Closed WaffleLapkin closed 3 months ago
Maybe I misunderstand your point, but the uninit
variant is certainly "cursed", as merely accessing it unpredictably does things that the related T
(e.g., u8
) would not, including crashing your application:
use std::mem::MaybeUninit;
fn main() {
let x = MaybeUninit::<u8>::uninit();
unsafe {
if x.assume_init() == 0 {
dbg!("x is zero");
}
}
}
gives on my machine with Rust 1.81-nightly
C:/Users/rb/.cargo/bin/cargo.exe run --color=always --package endianess --bin endianess --release
Finished `release` profile [optimized] target(s) in 0.01s
Running `target\release\endianess.exe`
error: process didn't exit successfully: `target\release\endianess.exe` (exit code: 0xc000001d, STATUS_ILLEGAL_INSTRUCTION)
Process finished with exit code -1073741795 (0xC000001D)
In C lingo, the result of accessing a MaybeUninit
that is in the uninit
state is undefined, as from that moment on, no sensible prediction about the entire application can be made anymore.
Closing due to inactivity.
Maybe I misunderstand your point, but the
uninit
variant is certainly "cursed", as merely accessing it unpredictably does things that the relatedT
(e.g.,u8
) would not, including crashing your application:
Calling assume_init
on a MaybeUninit
which is uninit
is undefined behavior, that undefined behavior is the reason of the "cursed" behavior, not the variant itself.

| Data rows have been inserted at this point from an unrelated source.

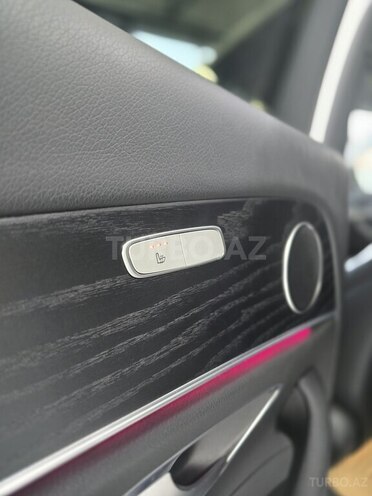 Mercedes E 300 4MATIC 2016, 180,000 km - 2.0 л - Sumqayıt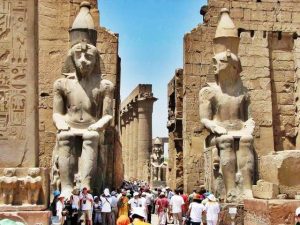 جهاز الإحصاء: 63.4 مليار دولار إيرادات مصر من السياحة خلال آخر 10 سنوات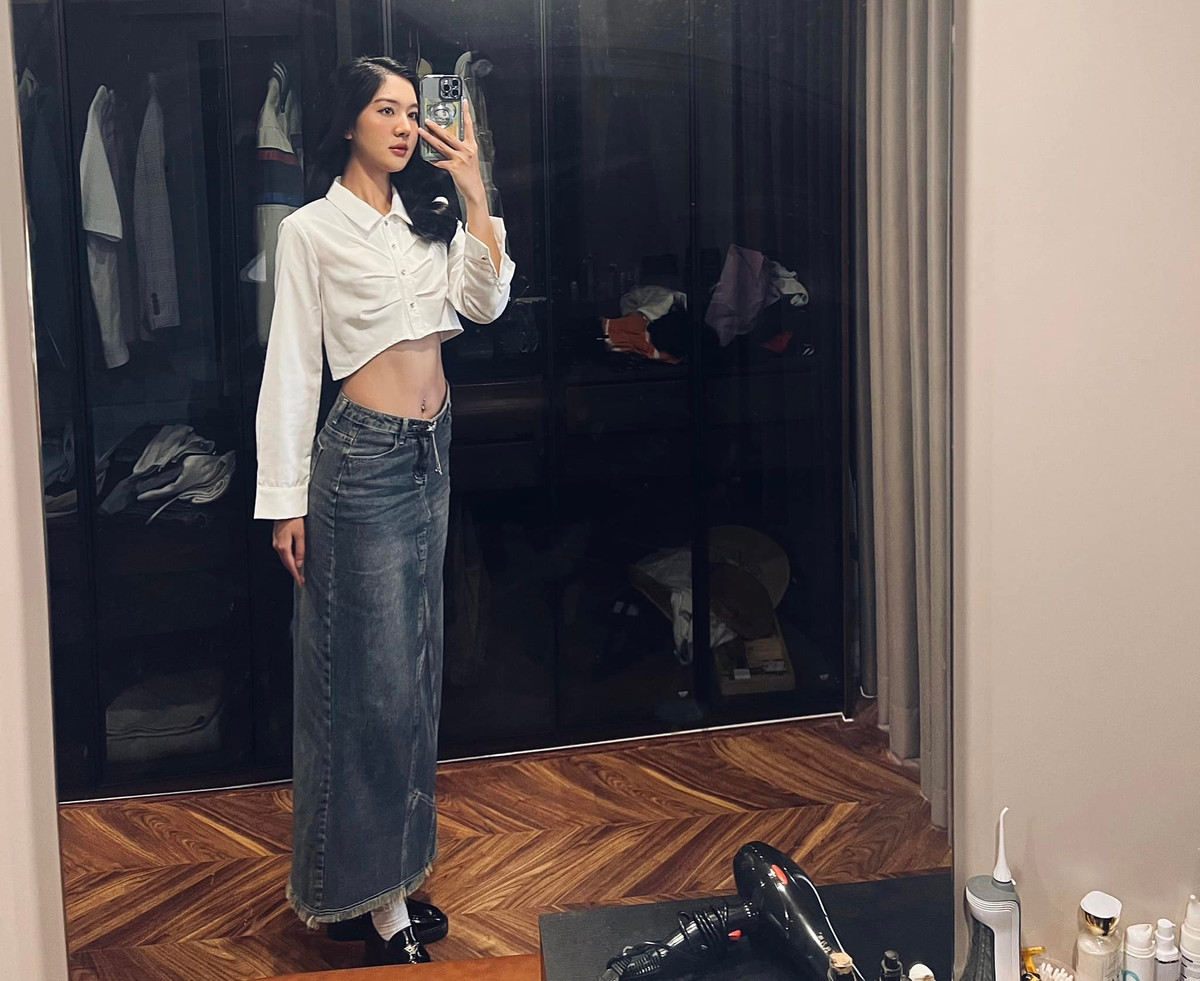 Bên cạnh đó, làn da trắng mịn không tì vết cùng thần thái tự tin, rạng rỡ của Tuệ Như cũng khiến dân tình không khỏi xuýt xoa.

Your example is no different to this:
fn main() {
let x = 0;
unsafe {
if std::num::NonZeroU8::new_unchecked(0) == 1 {
dbg!("x is one");
}
}
}
Here NonZeroU8::new_unchecked
's safety contract doesn't allow to call it with a 0
. Just like MaybeUninit::assume_init
can't be called with MaybeUninit::uninit()
.
assume_init
is not merely an "access".
Let me start off by saying I think there is merit to the argument that the union variant MaybeUninit::uninit
is technically valid to have, while NonZeroU8(0)
is not.
However, assume_init
is just "a random documented instance" of how reading uninit
will cause UB, and, unless I'm mistaken, there is nothing special or magic about that method (in contrast to the type). There is no magic #[lang]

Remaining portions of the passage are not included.